Sunday, August 31, 2008

Book: Where the WIld Things Were

Where the Wild Things Were: Life, Death, and Ecological Wreckage in a Land of Vanishing Predators, is a new and important contribution to conservation and ecology by William Stolzenburg (Bloomsbury, 2008)
The author looks at cases, both experimental and real-life, where the top predators have been wiped out, and looks at what happens next. It turns out that a lot of things happen, none of them good. One result is an explosion of "mesopredators" (the second-tier carnivores, ranging from coyotes to raccoons to feral domestic cats) which wreak havoc on ecosystems without the larger predators to compete with (and sometimes eat) them. Plants and prey animals have evolved for one type of ecosystem and are often helpless in an altered one. While his examples come from all over the world, it's the North American ones that will cause the most consternation to most readers. Who foresaw that killing the eastern wolves and cougars would result in a gigantic deep population explosion that wrecked the habitats of many smaller creatures? Who knew that bringing in a new apex predator (whalers) wiping out the northern Pacific great whales started a cascade that drove the former apex predator (killer whales) to decimate seal and sea otter populations in many areas, resulting in kelp forests being replaced by barren seafloor overrun with the urchins the otters used to keep down? There are many such examples, some almost despair-inducing. One of Stolzenburg's other important points is that, ecologically, human hunters don't replace the predators: they hunt in specific seasons rather than all year round and pick off the largest animals instead of the weakest.
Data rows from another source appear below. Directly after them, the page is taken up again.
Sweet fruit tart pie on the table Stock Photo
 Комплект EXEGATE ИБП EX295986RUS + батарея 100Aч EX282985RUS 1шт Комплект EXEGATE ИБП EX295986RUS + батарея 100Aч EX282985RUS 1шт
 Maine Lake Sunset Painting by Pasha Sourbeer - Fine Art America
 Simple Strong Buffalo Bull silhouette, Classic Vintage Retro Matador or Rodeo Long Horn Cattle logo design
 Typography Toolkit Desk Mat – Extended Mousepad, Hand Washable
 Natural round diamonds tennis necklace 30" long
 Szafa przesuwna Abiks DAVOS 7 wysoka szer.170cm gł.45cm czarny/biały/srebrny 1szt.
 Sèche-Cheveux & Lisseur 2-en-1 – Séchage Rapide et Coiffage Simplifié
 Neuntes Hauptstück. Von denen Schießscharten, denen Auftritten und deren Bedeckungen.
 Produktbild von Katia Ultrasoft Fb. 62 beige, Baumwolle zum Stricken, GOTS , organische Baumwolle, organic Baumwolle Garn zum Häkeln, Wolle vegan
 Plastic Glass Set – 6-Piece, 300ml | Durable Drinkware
COMMENT: He doesn't use this example, but there's an obvious application in the case of Alaska's wolves. Alaska governor and Republican VP candidate Sarah Palin (who I personally like overall) is one of the officials who has bought into the argument that killing wolves means more moose for hunters. Well, it does, but it will also have many other repercussions on an ecosystem which relies on the wolves to keep moose numbers reasonable.